A visually breathtaking sci-fi romance is Netflix's first Korean animated feature

Lost in Starlight Review: How love and grief transcend the cosmos
"Out here in space, there's someone who's always rooting for you."

When characters travel to space, it's usually fuelled by the human instinct to survive.

The perseverance of humanity depends on a space mission to escape or cure an uninhabitable, dying Earth. We've seen it in past films like Interstellar and Mickey 17, and we'll continue seeing it in future productions like the 2026 adaptation of Project Hail Mary. However, in Netflix's very first South Korean-produced animated feature, Lost in Starlight, the near-future portrayal of Seoul is anything but apocalyptic.

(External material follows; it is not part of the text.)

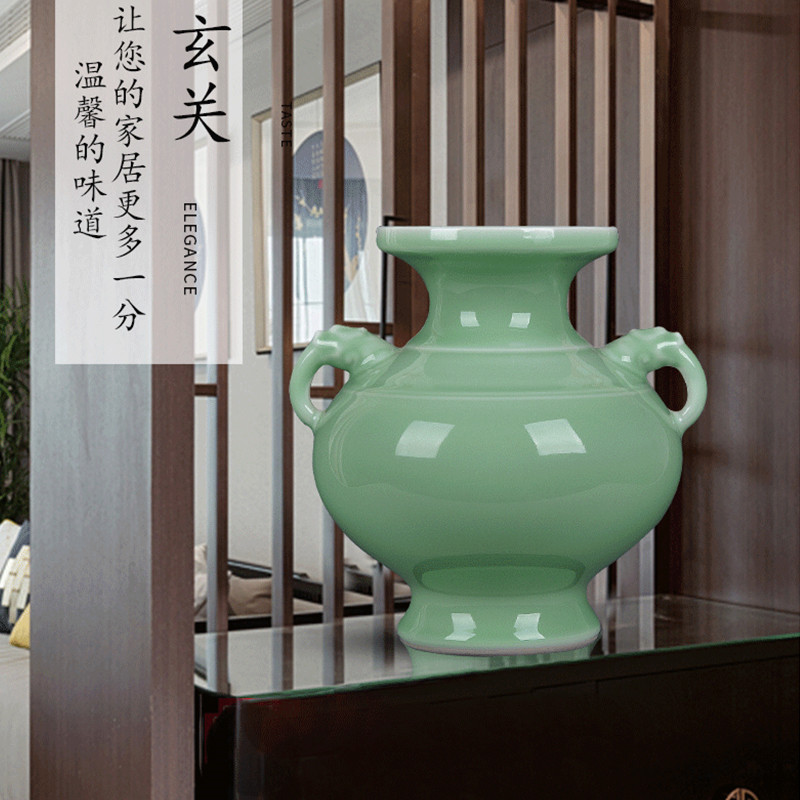 Jingdezhen ceramics antique hand shadow blue bottle of flower arranging rich ancient frame wine sitting room adornment home furnishing articles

Lost in Starlight (2025, Netflix)

Lost in Starlight is one of those gems that gets quietly released to streaming with little to no promotion, leaving it to fend for itself beneath the shadow of competing projects. It's a genre-bending film about Nan-young (voiced by Kim Tae-ri), a young scientist and astronaut, who dreams of exploring space and reconnecting with her mother, who died during a mission to Mars. But when Nan-young meets Jay (voiced by Hong Kyung), a nervous emerging musician, the stakes of her journey heighten as their romance grows.

In an interview for The Hollywood Reporter, director and illustrator Han Ji-won describes her intention of conceptualising a hopeful future in her film. It's one where, instead of being a doomed apocalyptic era, the Earth has been taken care of to the best of our ability. This "futuristic optimism", as she calls it, shines not only in the animation's dreamy, techno landscapes but also in the central romance, which takes long-distance relationships to an otherworldly level.

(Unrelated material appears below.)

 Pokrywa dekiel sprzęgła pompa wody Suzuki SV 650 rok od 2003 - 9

In its grounding themes of love, trust, and sending messages to the stars in the hope that they'll be received, Lost in Starlight is reminiscent of Christopher Nolan's 2014 hit, Interstellar. While Interstellar is an action-packed epic that traverses galaxies and dimensions, Lost in Starlight's impact is found in its narrative restraint. Humanity might not be on the brink of extinction in this animation, but through its characters' courageous acts — both beyond Earth and their internal fears — the narrative still leads to a devastatingly stunning concluding act.

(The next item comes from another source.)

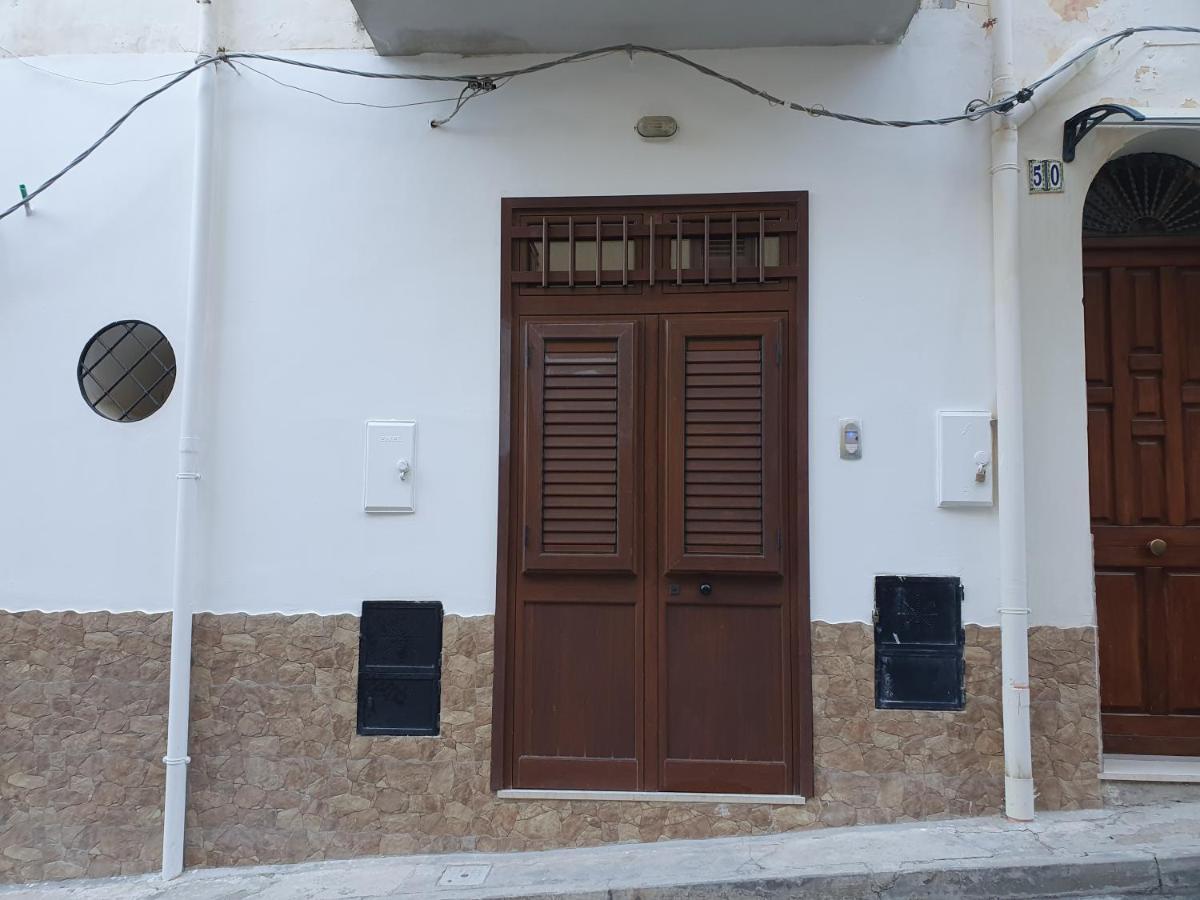 Casa Vacanza Corallo Кастелламмаре-дель-Гольфо Екстер'єр фото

Lost in Starlight (2025, Netflix)

Even though it takes some time to warm up to its understated characters and holographic style, Lost in Starlight is a cinematic achievement that is easily comparable to revered anime like Your Name from Makoto Shinkai. It is a visually breathtaking film that packs a startling punch in its final twenty minutes. But aside from its striking aesthetic, this is a story about the power of love and grief to transcend all obstacles, even if those obstacles are of the cosmic kind.